UDC 349.2:347:15/17(477)
Freelance as non-standard form of employment
Lagutina Irina,
Doctor of Legal Sciences
Problem setting. Labour law is one of the fastest moving areas in the law today. The relationship between an employer and employee does not stand still but evolves over the years. Most employers nowadays do not regard their employees as their property and the law has changed with changing attitudes, introducing basic labour rights and providing specialised forums in which those rights can be quickly enforced.
However, the role of the classic employment relationship is undergoing major rethinking at the current time and non-standard forms of employment are becoming more widespread in both developed and developing countries. The use of such form of employment leads to increased inequality and insecurity that undermines prospects for economic development, causing a steady decline in the living standards of employees.
While insecurities can also be present in standard employment relationships, they are less prevalent than in the different non-standard forms of employment.
Analysis of recent researches and publications.
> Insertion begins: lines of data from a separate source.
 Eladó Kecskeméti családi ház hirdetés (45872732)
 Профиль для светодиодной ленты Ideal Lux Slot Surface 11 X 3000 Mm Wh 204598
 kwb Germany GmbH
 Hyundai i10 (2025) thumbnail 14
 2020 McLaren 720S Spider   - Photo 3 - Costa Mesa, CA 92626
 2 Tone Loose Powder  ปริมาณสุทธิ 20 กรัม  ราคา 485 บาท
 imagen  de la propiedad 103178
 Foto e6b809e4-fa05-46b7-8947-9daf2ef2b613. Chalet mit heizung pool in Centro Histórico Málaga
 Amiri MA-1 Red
Topical issues of legal regulation of non-standard forms of employment in a market economy is the subject of study of Ukrainian and foreign scientists, such as: F. Andersson, A.P. Bizyukov, A.K. Bhandari, I. Brinkley, P.H. Cappelli, S. Clauwaert, G.I. Chanysheva, P. Fadeuilhe, C. Gather, E.S. Gerasimova, V.E. Gimpelson, S.Y. Golovina, M. Hall, T. Hartmann, A. Heshmati, R.I. Kapelyushnikov, J.R. Keller, I.J. Kiselev, T.Y. Korshunova, M. Kurzina, I.A. Kostyan, C. Lang, I. Motorna, A. Muller, A.F. Nurtdinova, S.A. Prilipko, A.P. Rymkevich, J. Thompson, S.A. Saurin, I. Schomann, G. Vakhitova, S. Wolfing, G. Wunsche, I.I. Zavodovsky, O. Yaroshenko etc.
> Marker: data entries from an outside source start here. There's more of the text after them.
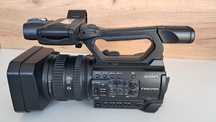 Profesjonalna kamera SONY HXR-NX100 Idealna kamera na wesela i imprezy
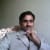 Freelancergroup
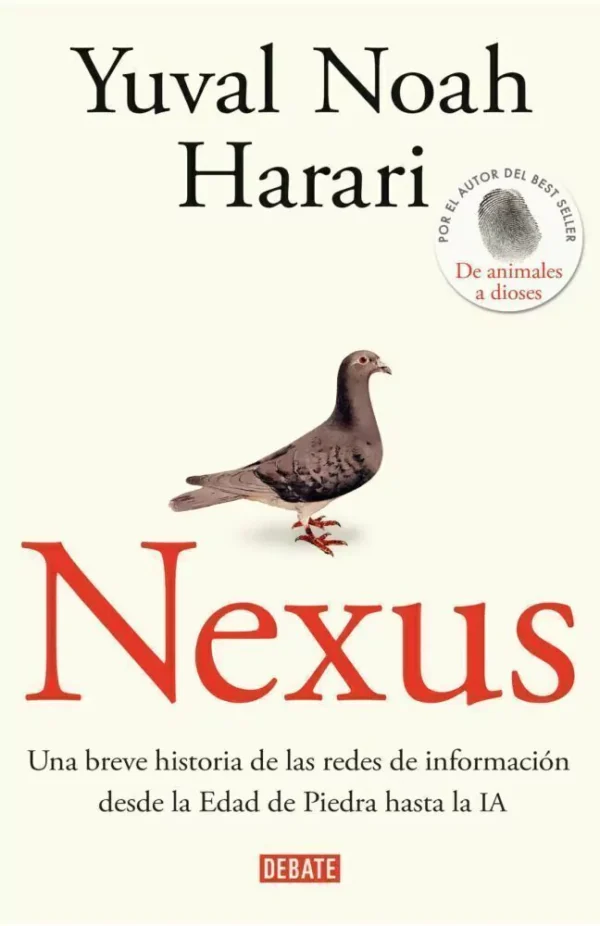 Nexus
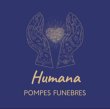 pompes-funebres-humana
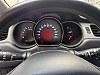 Kia Ceed / cee'd GRIFFE SUR VEHICULE VOIR PHOTO thumbnail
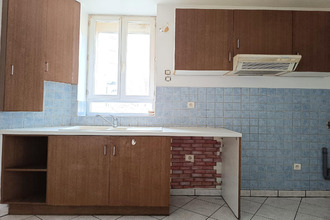 location maison st-nazaire-d-aude 11120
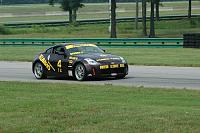 SCCA Runoffs - Anyone going?-dsc_0071.jpg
The purpose of this article is to examine the main characteristics of freelance, to research issues of ensuring the individual and collective labour rights of freelance employees.
The main material. The widespread development of standard forms of employment began to decline by the 70th of XX century. Development and changes in the world economy had an impact on the labour market transformation.
The emergence and development of post-industrial society completed the widespread occurrence of non-standard forms of employment.
Non-standard forms of employment contracts cover diverse forms of employment relationships. The most common forms are fixed-term contracts and part-time contracts. This forms of employment is particularly affected by the impact of the economic crisis, putting employees in a very insecure and precarious position. Rising structural unemployment and global competition in the 1980s led to demands for greater flexibility in labour markets, which resulted in reforms of employment protection legislation. This in turn gave rise to an increasing use of temporary employment contracts in the 1980s and 1990s in many European countries. In the past decade, this trend has continued in a number of countries. Transitions out of employment are becoming more common while those into permanent employment are becoming more difficult in recent years, which raises questions about the extent to which temporary contracts facilitate career progression.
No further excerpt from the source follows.